In her much renowned autobiography, “Let Me Speak!”, Domitila Barrios de Chungara depicts the story of a woman who, through great injustices, was able to develop a political mindset that would change Bolivian social class' relations forever. Domitila's political career started when she first discovered that her voice could affect and, consequently, change people's lives. She began protecting the miners' and peasants' conditions by fighting against the increase on the price of rice and sugar. With the power of the radio, Domitila was able to defy the odds and critique the upper class for their complete oblivion to the disparity between classes.

Though her actions and 'attacks' against the status quo imposed by the higher class did bring her much trouble (Jail time, tortured, and lost a child), the loyalty to her values and political views is what garnished her unrivaled public support. In fact, her commitment to the Marxist political system was so evident that one of her most famous quotes paralleled a Marx idea:

Domitila: “For us, the first task doesn't consist in fighting against our companions, but with them changing the system in which we live for another, where men and women have the right to life, work and organization.”

Karl Marx: “The emancipation of the working class will only be achieved by the working class itself.”
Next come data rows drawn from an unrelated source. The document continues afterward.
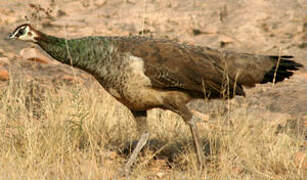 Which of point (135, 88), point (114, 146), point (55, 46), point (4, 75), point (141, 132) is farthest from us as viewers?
point (4, 75)

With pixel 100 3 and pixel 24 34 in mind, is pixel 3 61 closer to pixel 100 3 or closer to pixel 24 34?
pixel 24 34

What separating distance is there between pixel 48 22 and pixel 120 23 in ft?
4.67

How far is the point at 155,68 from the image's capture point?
17.3 ft

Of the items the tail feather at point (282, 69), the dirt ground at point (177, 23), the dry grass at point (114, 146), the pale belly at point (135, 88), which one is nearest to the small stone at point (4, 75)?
the dirt ground at point (177, 23)

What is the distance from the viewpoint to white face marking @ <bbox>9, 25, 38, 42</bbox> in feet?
17.0

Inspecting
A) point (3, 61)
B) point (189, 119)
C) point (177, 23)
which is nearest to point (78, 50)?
point (189, 119)

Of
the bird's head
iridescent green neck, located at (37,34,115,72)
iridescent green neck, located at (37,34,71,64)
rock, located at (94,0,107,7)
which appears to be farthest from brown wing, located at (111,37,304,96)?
rock, located at (94,0,107,7)

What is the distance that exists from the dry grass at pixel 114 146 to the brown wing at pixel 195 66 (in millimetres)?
395

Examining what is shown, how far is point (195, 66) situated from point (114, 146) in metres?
1.31

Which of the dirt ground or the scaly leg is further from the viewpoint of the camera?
the dirt ground

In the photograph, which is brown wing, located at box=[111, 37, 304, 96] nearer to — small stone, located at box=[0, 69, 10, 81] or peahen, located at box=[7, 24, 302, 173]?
peahen, located at box=[7, 24, 302, 173]

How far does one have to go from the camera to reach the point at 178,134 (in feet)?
20.3

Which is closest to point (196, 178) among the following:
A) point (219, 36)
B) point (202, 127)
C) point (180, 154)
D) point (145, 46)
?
point (180, 154)

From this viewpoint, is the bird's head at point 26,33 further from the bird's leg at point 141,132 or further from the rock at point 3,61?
the rock at point 3,61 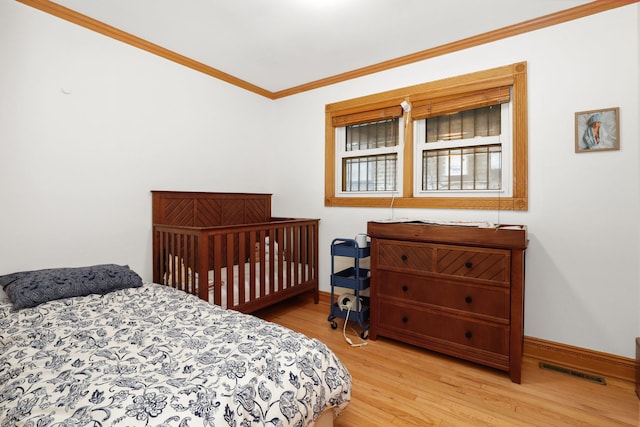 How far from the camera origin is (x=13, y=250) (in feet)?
6.26

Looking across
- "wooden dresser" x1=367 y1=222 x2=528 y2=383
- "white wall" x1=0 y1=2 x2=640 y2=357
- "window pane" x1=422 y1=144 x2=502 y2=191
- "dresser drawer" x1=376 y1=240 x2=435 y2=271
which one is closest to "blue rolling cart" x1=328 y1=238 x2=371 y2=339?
"wooden dresser" x1=367 y1=222 x2=528 y2=383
Because of Domitila's resilient nature, she accumulated various enemies over the years. This, turn, only served to further incentivize her call for change within Bolivian society. In fact, many in the upper class have referred to Domitila's work (or political stance, rather) as “the work of Satan”. Unwilling to succumb to their insults and pressures, Domitila attacked back saying, “I began seeing how they were just one more group at the beck and call of imperialism. They said that we shouldn't get involved with politics, yet there in the temple they talked politics all the time.”
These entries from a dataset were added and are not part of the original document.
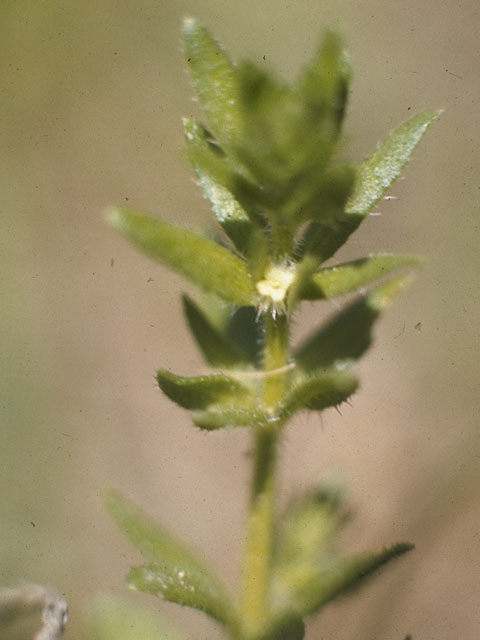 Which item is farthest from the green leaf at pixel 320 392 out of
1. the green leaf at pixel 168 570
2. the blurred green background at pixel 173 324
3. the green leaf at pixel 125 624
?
the blurred green background at pixel 173 324

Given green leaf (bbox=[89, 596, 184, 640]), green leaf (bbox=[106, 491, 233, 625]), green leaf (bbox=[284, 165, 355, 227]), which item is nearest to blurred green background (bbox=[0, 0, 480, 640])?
green leaf (bbox=[89, 596, 184, 640])

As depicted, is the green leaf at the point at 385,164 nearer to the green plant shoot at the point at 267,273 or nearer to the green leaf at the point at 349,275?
the green plant shoot at the point at 267,273

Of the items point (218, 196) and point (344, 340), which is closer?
point (218, 196)

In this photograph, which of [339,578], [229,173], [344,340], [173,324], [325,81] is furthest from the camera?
[173,324]

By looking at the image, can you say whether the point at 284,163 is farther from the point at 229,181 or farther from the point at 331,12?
the point at 331,12

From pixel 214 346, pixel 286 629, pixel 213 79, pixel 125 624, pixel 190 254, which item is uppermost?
pixel 213 79

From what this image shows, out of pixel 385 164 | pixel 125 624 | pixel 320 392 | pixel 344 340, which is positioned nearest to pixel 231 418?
pixel 320 392

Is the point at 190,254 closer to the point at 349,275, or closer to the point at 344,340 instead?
the point at 349,275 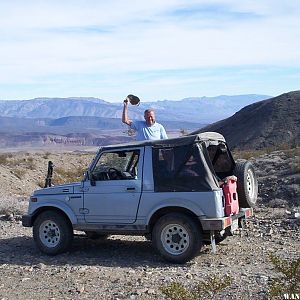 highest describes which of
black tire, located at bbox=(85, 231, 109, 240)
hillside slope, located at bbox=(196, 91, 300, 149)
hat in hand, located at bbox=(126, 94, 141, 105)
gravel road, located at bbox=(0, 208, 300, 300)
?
hillside slope, located at bbox=(196, 91, 300, 149)

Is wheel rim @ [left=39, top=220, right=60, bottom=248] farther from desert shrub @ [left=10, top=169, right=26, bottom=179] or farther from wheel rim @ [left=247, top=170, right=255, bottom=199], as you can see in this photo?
desert shrub @ [left=10, top=169, right=26, bottom=179]

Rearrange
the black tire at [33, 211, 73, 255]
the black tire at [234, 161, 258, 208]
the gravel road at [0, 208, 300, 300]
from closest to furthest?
the gravel road at [0, 208, 300, 300], the black tire at [234, 161, 258, 208], the black tire at [33, 211, 73, 255]

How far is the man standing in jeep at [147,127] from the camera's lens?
9.84 m

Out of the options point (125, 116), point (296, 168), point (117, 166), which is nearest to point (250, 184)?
point (117, 166)

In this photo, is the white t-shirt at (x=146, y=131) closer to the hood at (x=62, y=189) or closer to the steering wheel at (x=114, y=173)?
the steering wheel at (x=114, y=173)

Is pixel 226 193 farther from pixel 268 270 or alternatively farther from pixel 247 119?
pixel 247 119

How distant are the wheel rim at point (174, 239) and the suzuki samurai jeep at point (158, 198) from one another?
15 mm

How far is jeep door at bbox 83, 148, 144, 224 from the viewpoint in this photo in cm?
887

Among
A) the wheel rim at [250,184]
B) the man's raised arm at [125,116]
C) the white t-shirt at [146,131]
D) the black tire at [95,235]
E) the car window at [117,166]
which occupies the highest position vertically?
the man's raised arm at [125,116]

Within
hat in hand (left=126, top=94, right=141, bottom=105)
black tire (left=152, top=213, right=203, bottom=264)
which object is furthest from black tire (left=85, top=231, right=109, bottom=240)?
hat in hand (left=126, top=94, right=141, bottom=105)

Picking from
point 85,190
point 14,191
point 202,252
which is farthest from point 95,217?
point 14,191

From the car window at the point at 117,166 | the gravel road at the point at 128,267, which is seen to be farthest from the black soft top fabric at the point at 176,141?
the gravel road at the point at 128,267

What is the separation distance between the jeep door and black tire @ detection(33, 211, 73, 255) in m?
0.49

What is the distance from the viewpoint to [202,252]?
364 inches
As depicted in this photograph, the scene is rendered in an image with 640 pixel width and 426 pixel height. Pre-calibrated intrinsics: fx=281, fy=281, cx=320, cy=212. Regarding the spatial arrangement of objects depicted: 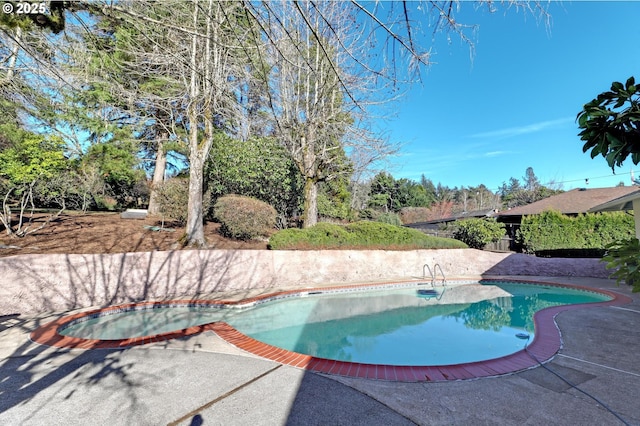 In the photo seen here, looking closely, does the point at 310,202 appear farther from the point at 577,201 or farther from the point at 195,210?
the point at 577,201

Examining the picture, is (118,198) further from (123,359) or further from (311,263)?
(123,359)

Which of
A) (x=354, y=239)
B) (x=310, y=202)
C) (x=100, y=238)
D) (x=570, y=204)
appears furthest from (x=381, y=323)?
(x=570, y=204)

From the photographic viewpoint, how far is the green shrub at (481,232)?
1592cm

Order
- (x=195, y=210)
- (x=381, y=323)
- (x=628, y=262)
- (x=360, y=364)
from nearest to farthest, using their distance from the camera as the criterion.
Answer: (x=628, y=262) → (x=360, y=364) → (x=381, y=323) → (x=195, y=210)

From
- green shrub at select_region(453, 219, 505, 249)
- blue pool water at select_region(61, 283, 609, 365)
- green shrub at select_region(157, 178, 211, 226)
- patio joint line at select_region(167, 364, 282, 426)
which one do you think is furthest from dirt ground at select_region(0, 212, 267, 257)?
green shrub at select_region(453, 219, 505, 249)

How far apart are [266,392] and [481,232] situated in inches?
640

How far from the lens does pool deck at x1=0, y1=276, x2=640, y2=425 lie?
2484mm

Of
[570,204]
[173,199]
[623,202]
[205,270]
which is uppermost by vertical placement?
[570,204]

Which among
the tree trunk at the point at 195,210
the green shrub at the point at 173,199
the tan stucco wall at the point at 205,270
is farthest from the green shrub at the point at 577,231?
the green shrub at the point at 173,199

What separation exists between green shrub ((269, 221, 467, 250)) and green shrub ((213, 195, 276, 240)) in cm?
95

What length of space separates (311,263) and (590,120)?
879 centimetres

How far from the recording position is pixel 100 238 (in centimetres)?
878

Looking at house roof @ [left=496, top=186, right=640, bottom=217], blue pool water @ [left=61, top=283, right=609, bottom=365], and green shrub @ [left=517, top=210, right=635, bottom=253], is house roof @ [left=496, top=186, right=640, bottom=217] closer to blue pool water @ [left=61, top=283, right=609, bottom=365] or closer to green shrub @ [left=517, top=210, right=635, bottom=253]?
green shrub @ [left=517, top=210, right=635, bottom=253]

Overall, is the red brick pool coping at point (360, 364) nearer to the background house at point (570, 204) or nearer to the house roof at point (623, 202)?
the house roof at point (623, 202)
Once Domitila began studying and reading books that represented all different kinds of philosophies, she realized that her true values and philosophies lied within Marxism. “Those books were very helpful to me. At the same time I was able to assure myself of something that I'd dreamed about ever since I was little: that there is a world where there are no poor people and where everyone can have enough food to eat and clothes to wear. I saw that those ideas that I'd had were there in these books. And that everyone who worked had the right to eat and dress well. And the state had to look after old people, the sick, everyone. That seemed very beautiful to me. It was as if my thoughts as a little girl, well, as if someone had gathered them together and written them in a book. In other words, I identified fully with what I read about Marxism.”
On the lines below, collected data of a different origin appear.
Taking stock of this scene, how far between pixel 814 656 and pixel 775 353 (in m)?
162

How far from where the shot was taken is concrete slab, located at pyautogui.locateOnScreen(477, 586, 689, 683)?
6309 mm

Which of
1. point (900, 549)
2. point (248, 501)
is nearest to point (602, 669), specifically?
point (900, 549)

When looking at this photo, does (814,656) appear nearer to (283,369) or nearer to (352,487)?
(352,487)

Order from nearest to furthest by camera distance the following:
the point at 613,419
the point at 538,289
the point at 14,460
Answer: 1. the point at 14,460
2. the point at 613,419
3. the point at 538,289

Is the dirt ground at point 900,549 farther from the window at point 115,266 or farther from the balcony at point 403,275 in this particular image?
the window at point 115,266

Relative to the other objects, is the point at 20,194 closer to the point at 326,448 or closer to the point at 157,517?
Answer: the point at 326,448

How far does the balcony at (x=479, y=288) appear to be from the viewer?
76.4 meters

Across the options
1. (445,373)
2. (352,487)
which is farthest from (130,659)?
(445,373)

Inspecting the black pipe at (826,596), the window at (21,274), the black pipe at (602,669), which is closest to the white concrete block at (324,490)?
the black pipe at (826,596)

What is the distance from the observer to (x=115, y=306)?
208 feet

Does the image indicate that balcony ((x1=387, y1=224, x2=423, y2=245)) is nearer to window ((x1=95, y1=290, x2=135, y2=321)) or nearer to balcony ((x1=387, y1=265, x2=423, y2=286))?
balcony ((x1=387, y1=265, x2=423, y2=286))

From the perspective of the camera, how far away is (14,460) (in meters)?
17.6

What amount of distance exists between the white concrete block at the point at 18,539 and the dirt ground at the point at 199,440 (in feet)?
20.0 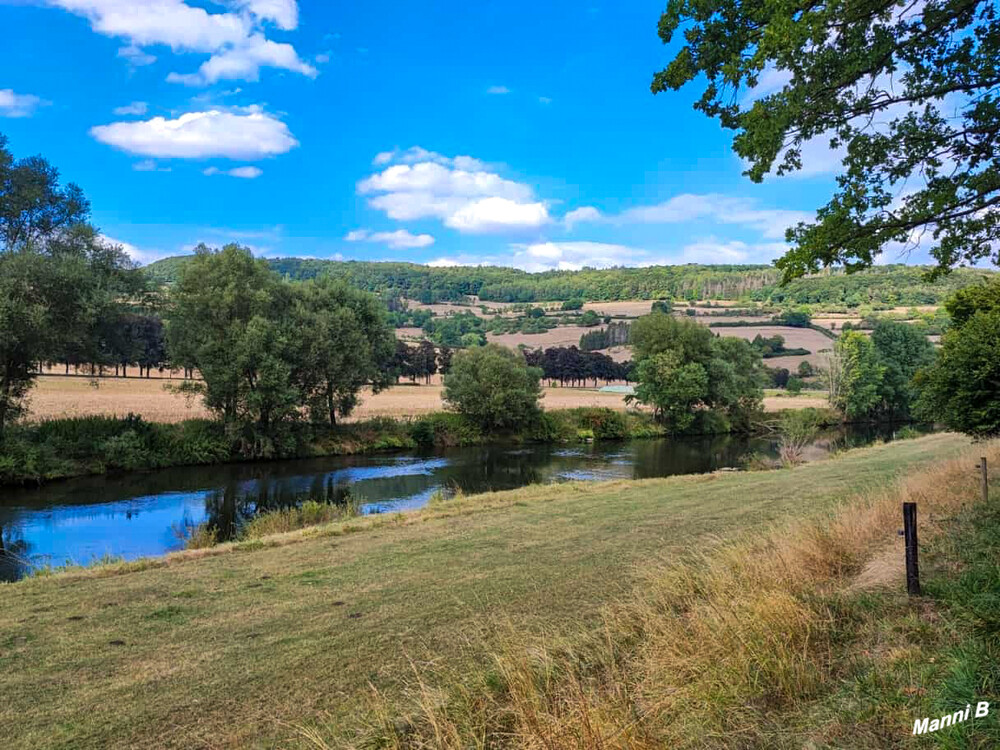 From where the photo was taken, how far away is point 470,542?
12289mm

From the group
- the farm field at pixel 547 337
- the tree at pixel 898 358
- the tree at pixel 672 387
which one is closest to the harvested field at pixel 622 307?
the farm field at pixel 547 337

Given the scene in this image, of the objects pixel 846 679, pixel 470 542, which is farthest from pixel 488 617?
pixel 470 542


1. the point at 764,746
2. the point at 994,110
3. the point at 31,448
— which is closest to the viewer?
the point at 764,746

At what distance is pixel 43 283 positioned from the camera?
27.8 meters

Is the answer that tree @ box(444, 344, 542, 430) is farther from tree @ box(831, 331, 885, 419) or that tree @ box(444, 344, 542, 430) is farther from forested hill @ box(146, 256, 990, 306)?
forested hill @ box(146, 256, 990, 306)

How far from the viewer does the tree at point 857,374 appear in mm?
63531

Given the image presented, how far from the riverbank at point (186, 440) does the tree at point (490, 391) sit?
3.36 ft

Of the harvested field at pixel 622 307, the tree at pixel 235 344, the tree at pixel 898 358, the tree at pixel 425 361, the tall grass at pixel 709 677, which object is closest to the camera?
the tall grass at pixel 709 677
Though Domitila did place much of her inspiration on Marx and other revolutionary thinkers, her guiding light —in a more peaceful manner— was 'Che' Guevara. In a sense, Domitila achieved what 'Che' Guevara was never able to fulfill in Bolivia: her fight became the people's fight, and the people triumphed. In the midst of her political career, Domitila gave one of her most famous quotes: “I want to leave future generations the only valid inheritance: a free country and social justice.”